• Work task: Among the records below, find the line that has "Picture of CSF"; from there, give the lines again exactly, and stop after the line that has "DPM 750S-BL - DPM-750S-BL".

• Information provided:
<<<<
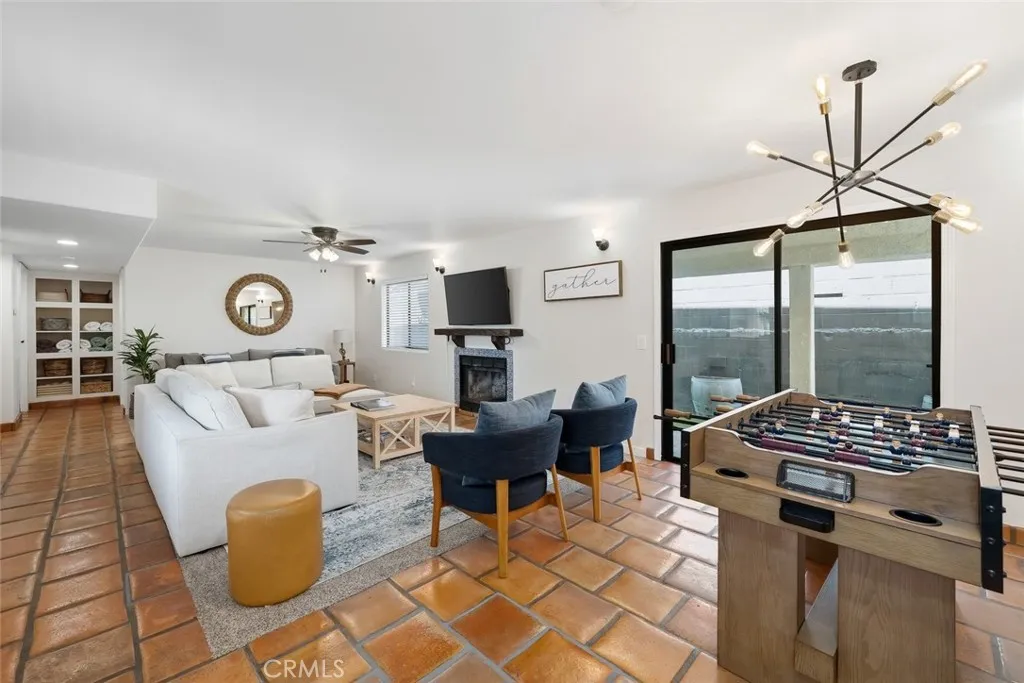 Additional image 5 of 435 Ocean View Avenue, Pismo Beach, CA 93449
>>>>
<<<<
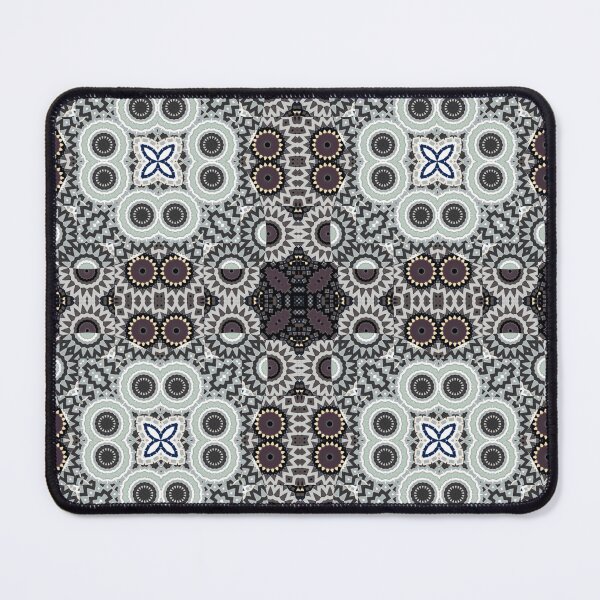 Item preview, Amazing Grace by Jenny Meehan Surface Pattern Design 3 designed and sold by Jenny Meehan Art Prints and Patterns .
>>>>
<<<<
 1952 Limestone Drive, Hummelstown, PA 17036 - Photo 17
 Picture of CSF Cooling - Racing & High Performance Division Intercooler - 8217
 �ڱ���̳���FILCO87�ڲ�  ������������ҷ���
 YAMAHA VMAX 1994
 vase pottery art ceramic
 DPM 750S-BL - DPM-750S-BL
>>>>
• Task result:
 Picture of CSF Cooling - Racing & High Performance Division Intercooler - 8217
 �ڱ���̳���FILCO87�ڲ�  ������������ҷ���
 YAMAHA VMAX 1994
 vase pottery art ceramic
 DPM 750S-BL - DPM-750S-BL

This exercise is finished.